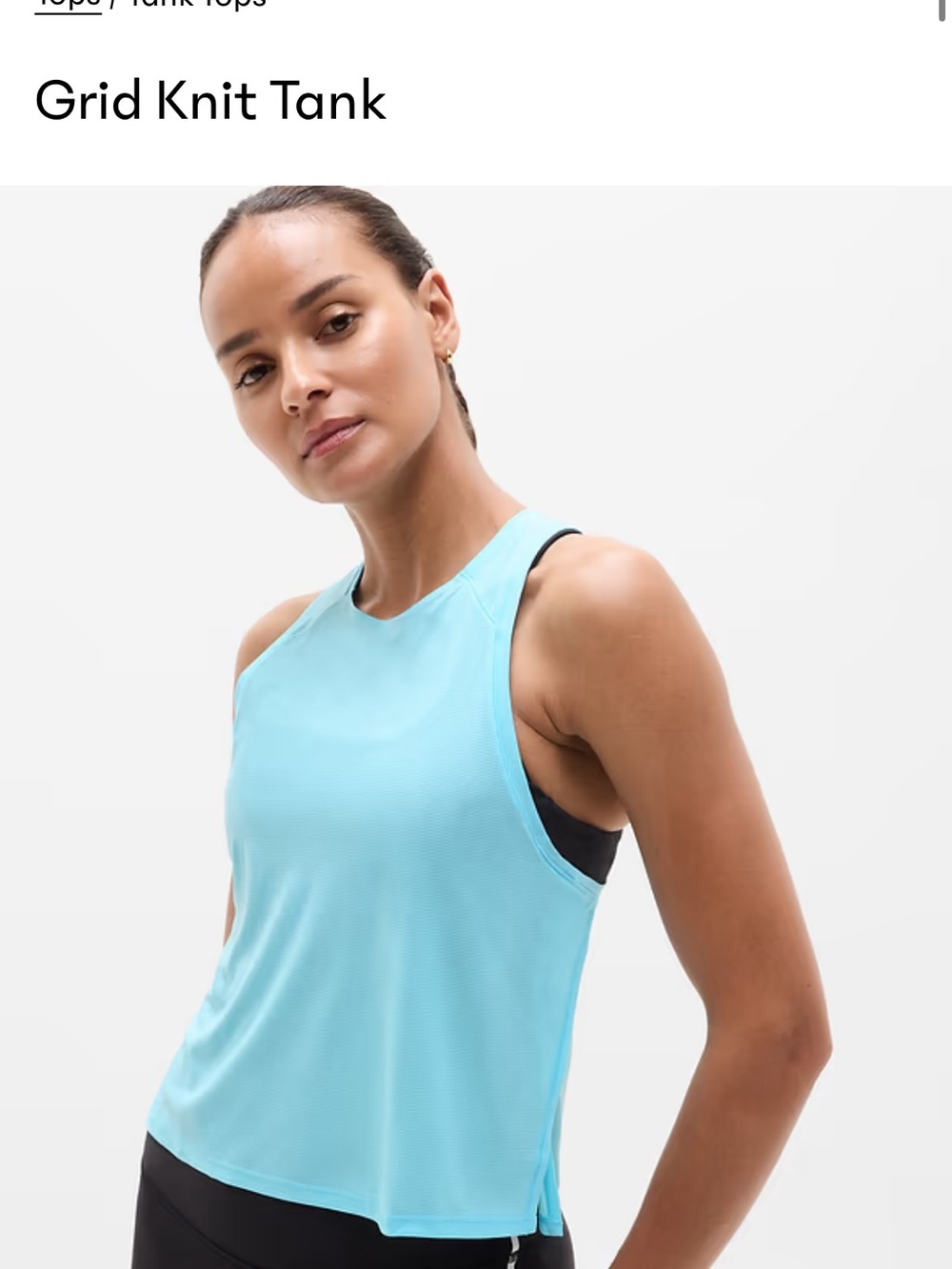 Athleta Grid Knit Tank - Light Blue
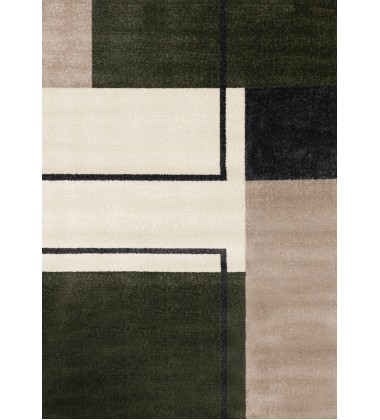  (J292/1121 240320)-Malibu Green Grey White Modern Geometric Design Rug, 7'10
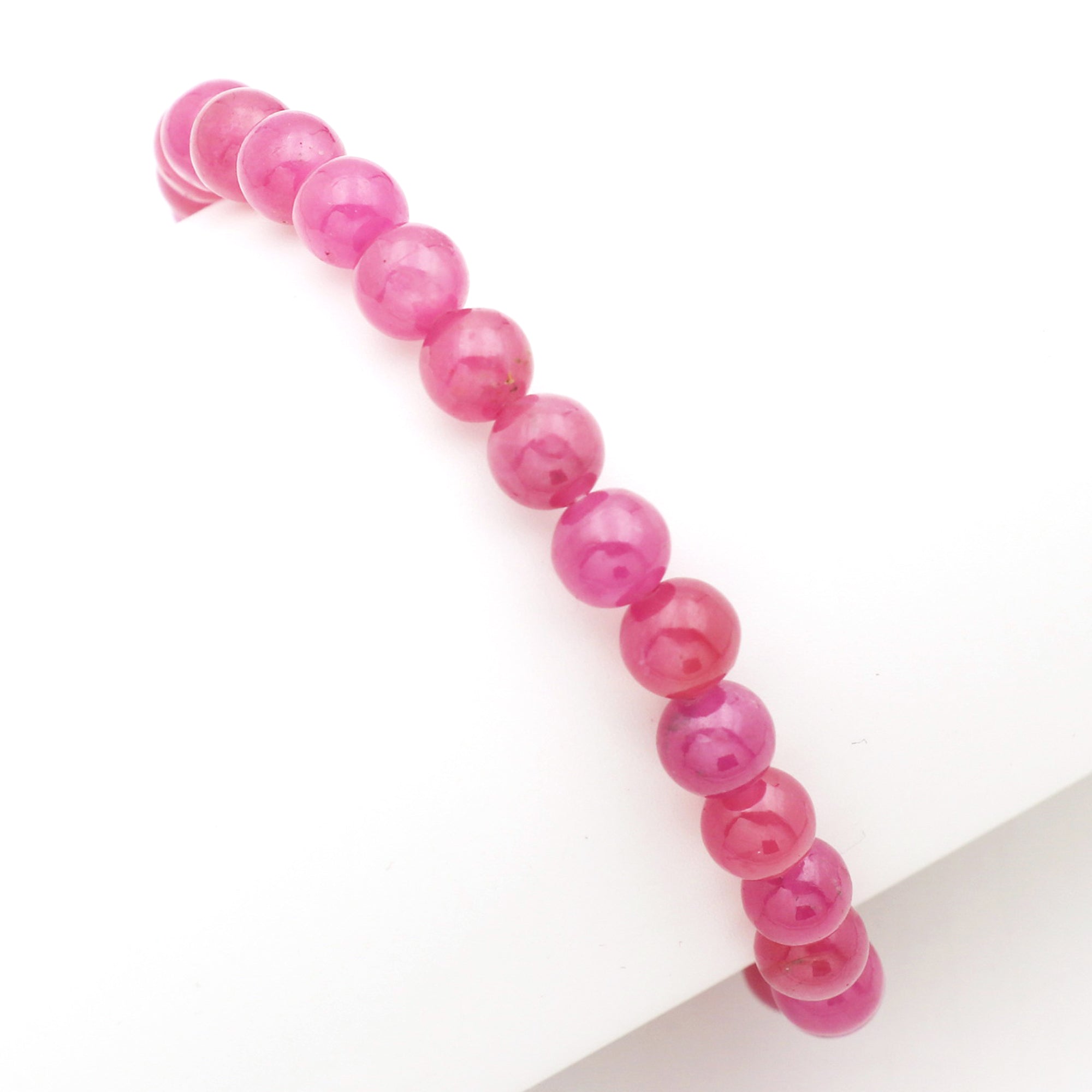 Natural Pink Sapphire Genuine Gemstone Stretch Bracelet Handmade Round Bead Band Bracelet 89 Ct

...

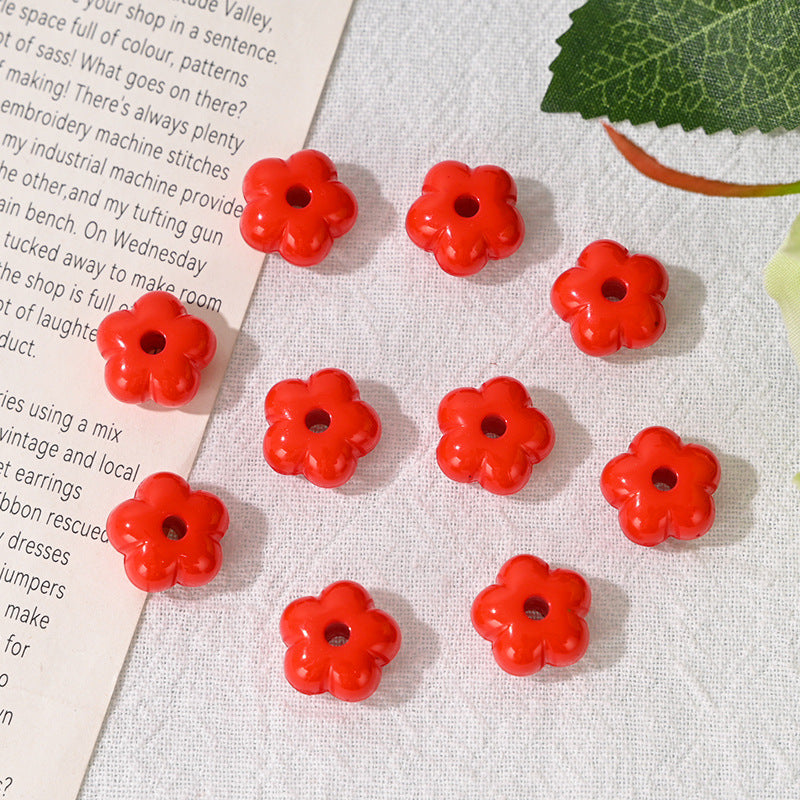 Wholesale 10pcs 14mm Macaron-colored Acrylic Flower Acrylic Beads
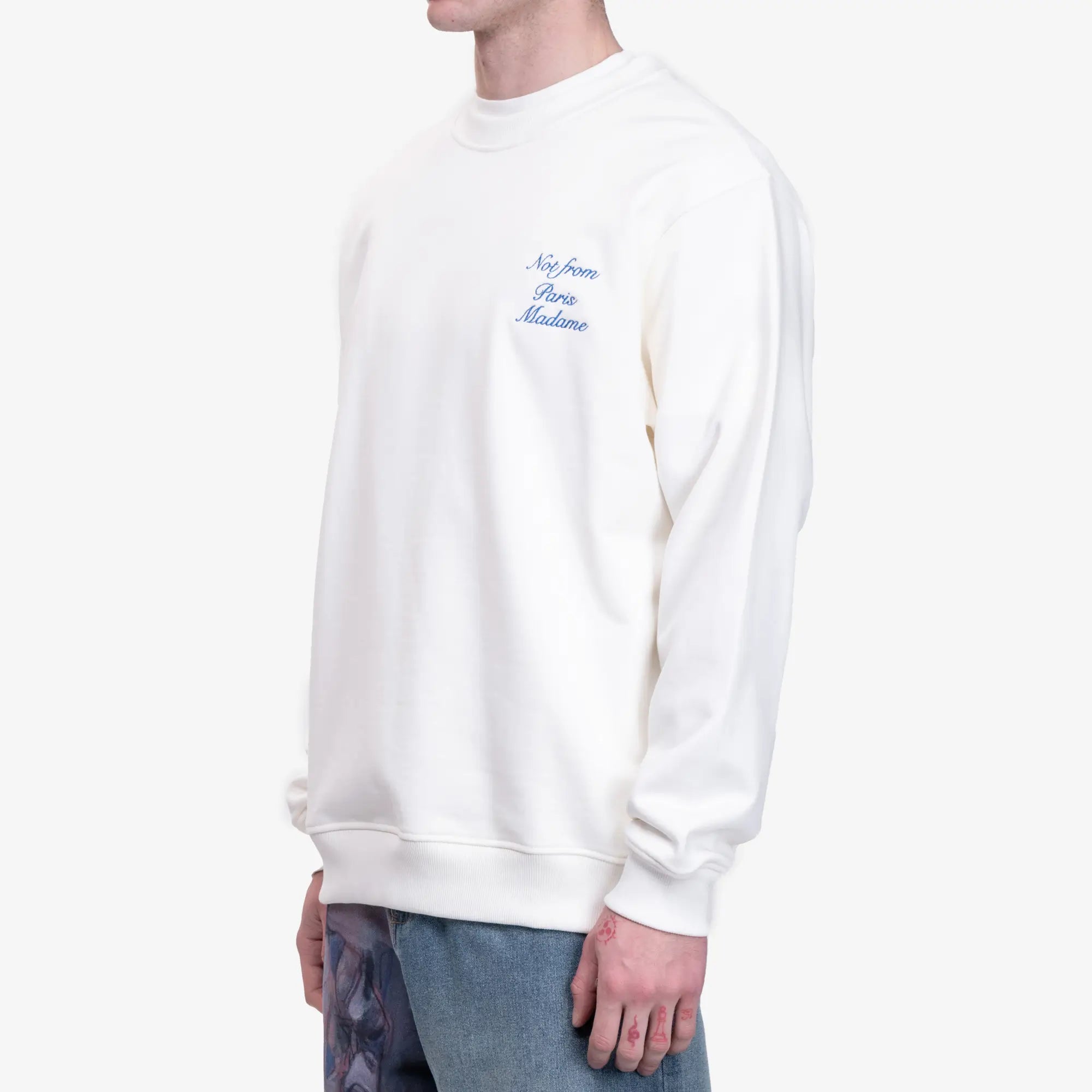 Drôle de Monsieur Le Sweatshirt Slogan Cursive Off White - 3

* * *

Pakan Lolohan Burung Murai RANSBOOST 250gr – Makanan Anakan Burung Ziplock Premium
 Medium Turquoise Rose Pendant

Exercise:
Copy word for word the lines above, starting at the line containing "Athleta Grid Knit Tank - Light Blue" and ending at the line containing "Natural Pink Sapphire", inclusive, with no pictures.

Result below:
 Athleta Grid Knit Tank - Light Blue
  (J292/1121 240320)-Malibu Green Grey White Modern Geometric Design Rug, 7'10
 Natural Pink Sapphire Genuine Gemstone Stretch Bracelet Handmade Round Bead Band Bracelet 89 Ct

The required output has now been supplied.